Chet Baker was born in farm country, Oklahoma, 1929, and the tale of a “James Dean, Sinatra, and Bix, rolled into one” starts out light. He came from a family of musicians, but the first of the Bakers to make a career out of his talent. His mother a pianist who worked in a perfume factory, his father a guitarist who had to quit music for a regular job during the Great Depression.
Baker got his start playing on the West Coast with the Gerry Mulligan Quartet, led by an American saxophonist best known for playing in a light and airy tone, known as “cool jazz”. Together, they performed a rendition of a 1930s show tune, “My Funny Valentine“, with solo vocals by Baker, which became a hit and would be associated with him for the rest of his career.
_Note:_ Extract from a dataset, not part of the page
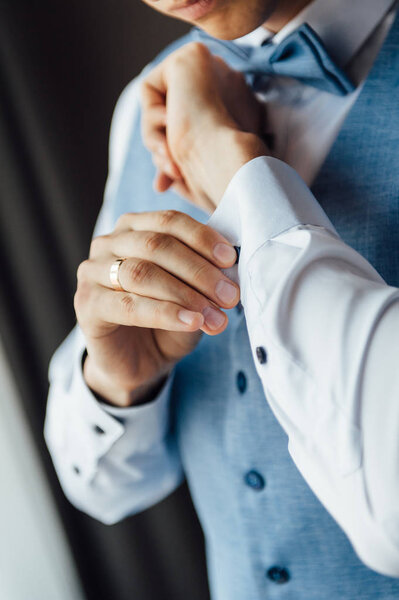 Man buttons cuff link on cuffs sleeves luxury white shirt.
Upon hearing Chet play for the first time, saxophonist Charlie Parker called his friends Dizzie Gillespe and Miles Davis to tell them: “This little white cat out here is going to give you trouble”.
When Baker’s bandmate Mulligan went to prison on drug charges, Baker continued on his career path, forming a new quartet and releasing popular albums, beating out the likes of Miles Davis at prestigious jazz awards and being named top jazz vocalist by numerous music publications.
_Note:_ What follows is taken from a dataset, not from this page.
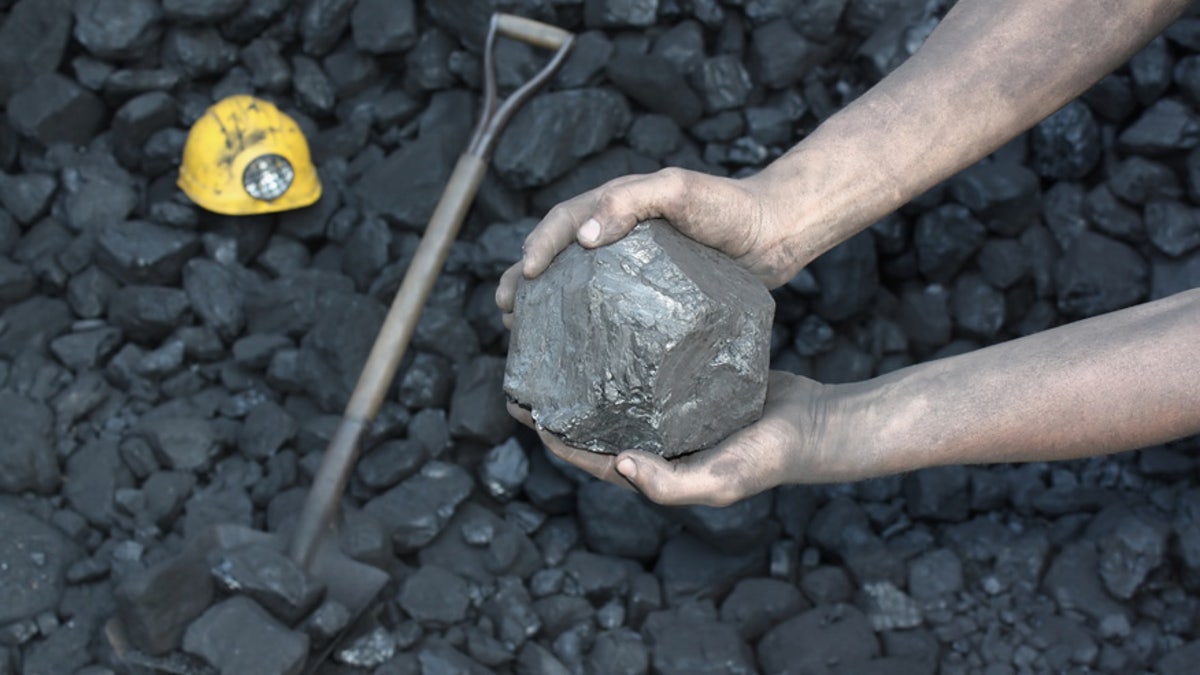 coal miner coal chunk istock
He was an icon of West coast jazz when Hollywood came calling in the mid 1950s. Studio heads saw potential in Baker’s chiseled “James Dean” features, and in the fall of 1955, he made his acting debut in the film Hell’s Horizon. He was offered a studio contract, but decided against a movie career, deciding instead to go on the road for an 8 month tour in Europe.
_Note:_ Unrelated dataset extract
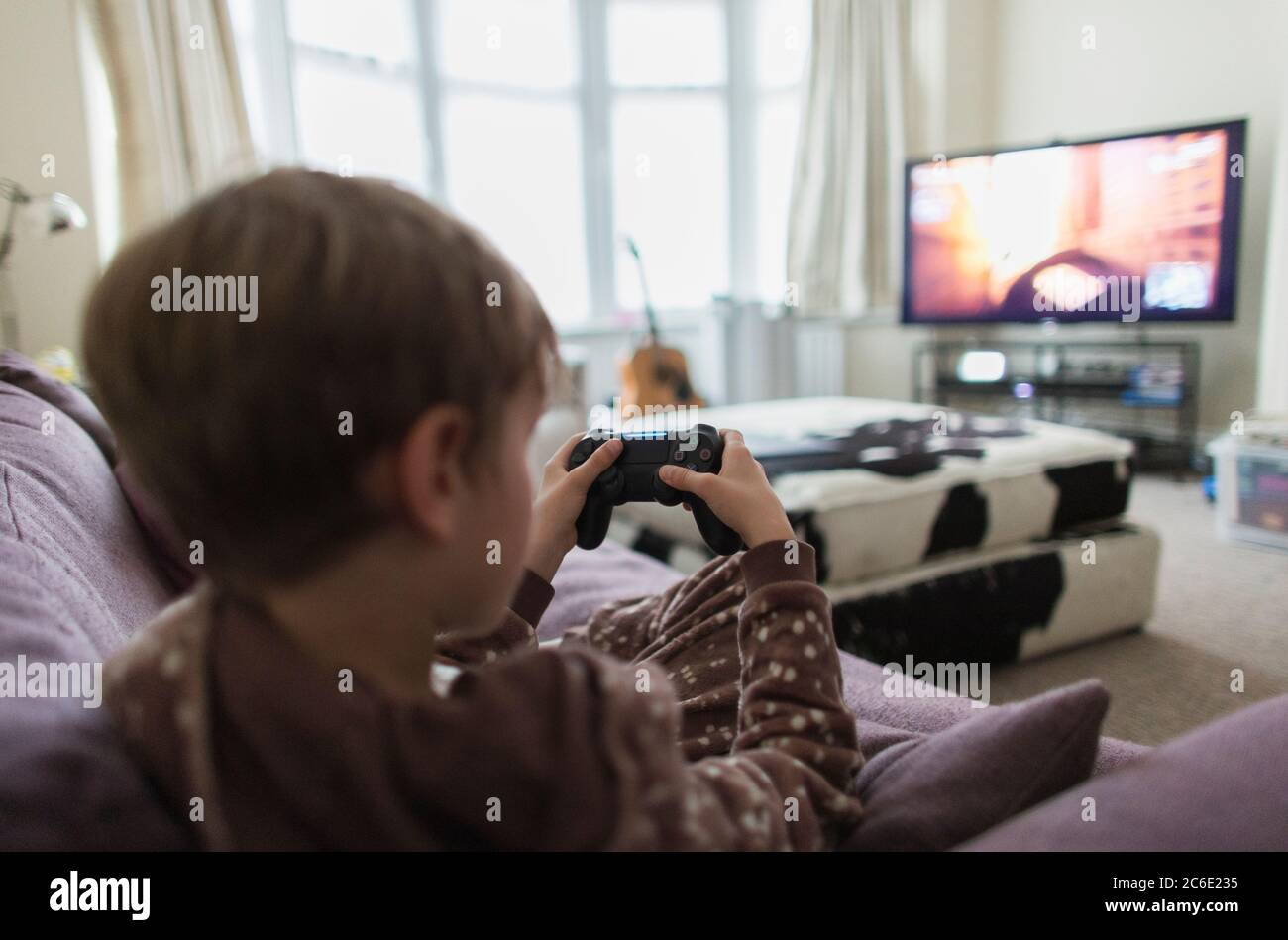 Junge spielt Video Spiel auf Sofa im Wohnzimmer Stockfoto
In 1959, Chet was arrested in Pisa, Italy and jailed for drug possession. He’d begun using heroin in the early 1950s according to his musical director, Russ Freeman and had been known to regularly pawn his instruments to get his fix.
Arrests for drug-related offences became more frequent in the 1960s and in 1966, Chet was badly beaten in a drug deal gone wrong in a restaurant parking lot in Sausalito, California. The injuries to his mouth and teeth left him unable to play the trumpet. Devastated by the loss of his embouchure, Baker spiralled into a depression and unable to play gigs, ended up working at a gas station.
It was Dizzie Gillespe, legendary American trumpeter, who helped Baker gradually regain his skills and set him on the comeback trail by arranging some gigs in New York City during the early 1970s. After a reunion with Gerry Mulligan at Carnegie Hall, Chet returned to Europe in 1975 where he continued to play alongside the industry’s greatest musicians, while living as a nomad, unable or unwilling to get off drugs.
Although this was considered to be his most prolific era as a recording artist, Baker was a shadow of his former self. His angel-faced Hollywood looks were gone, replaced by ghostly eyes and leathered skin.
Two weeks after one of his most critically-acclaimed live performances in 1988, Chet Baker opened the window of his second-floor hotel room in Amsterdam and ended his life.
“You don’t know what love is, until you’ve learned the meaning of the blues, until you’ve loved a love you’ve had to lose.”
Chet Baker
An Academy Award-nominated 1988 documentary about Baker, Let’s Get Lost, by fashion photographer Bruce Weber, portrays him as a cultural icon of the 1950s, but juxtaposes this with his later image as a drug addict. He is portrayed by Ethan Hawke in the 2015 film Born to Be Blue.
And now I know his story, that otherworldly voice will move me even more.